While visiting Istanbul never forget to visit this place. There are too many shops and too many buyers. Rates can be bargained. Start with 25% of the asking price and you may end paying 40% of the initial asking price. Anything on the world is available here. Toilets are paid @ one Lira per use.
Not a bazaar as you know it but more like lots of avenues to get lost in with shops either side. As I had already done some research this wasn't a surprise to me. Nevertheless I'm glad that we went just for the experience of seeing it.
As the word says : proof lies in eating the pudding ! Well, that's what me and my family did when we were in Istanbul last year, July 2009.
The first impression to enters this amazing place with all the hundreds of thousands of small shops, was the most exciting feeling.
Go here for little presents, great quality product like leather carpets or bath robes / cotton – the bazaar has it all. Prepare your visit by selecting stores you want to visit beforehand to make it worth your while.
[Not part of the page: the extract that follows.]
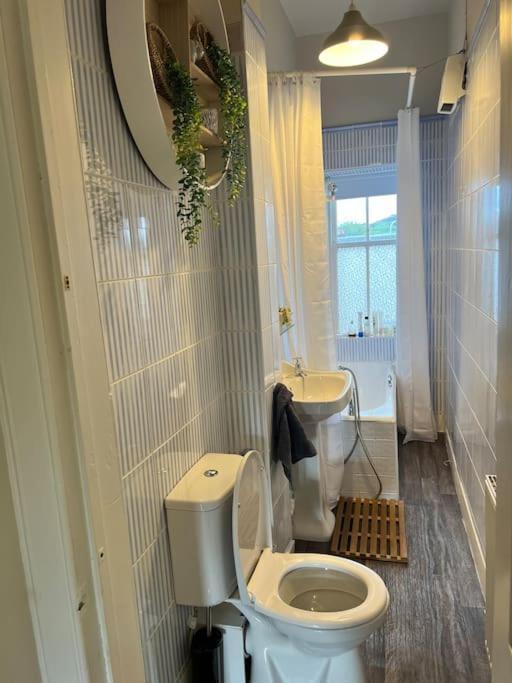 Beautiful Traditional Flat In The Center Of Largs. Buitenkant foto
Great people!
For those for whom "shopping" is an emotional experience, a visit to Istanbul cannot be complete without a visit to the Grand Bazaar. Given, this is no longer a visit to historical Istanbul. Even I, who first visited the Grand Bazaar in the late '60s can see how commercialized and unauthentic it has become since then.
Thousands of shops, thousands of employees, tens of thousands of shoppers. This is a necessary stop in Istanbul for shoppers but I found it overwhelming. How many leather jackets can one buy?
I loved my experience at the Grand Bazaar. I love a bargain and shop keepers know it…they are just waiting for an opportunity to indulge me. Good deals are everywhere but remember, this place is huge. Chances are if you try to find a better price on something specific you won't remember the place where you first saw it.
Despite a great sense of direction I got lost twice but the shop owners were very helpful in directing me out even though language was a barrier. I found the traders to be polite and respectful and was pleasantly surprised that I was not hastled to buy in any great way. Negotiate, negotiate, negotiate and you will find good bargains.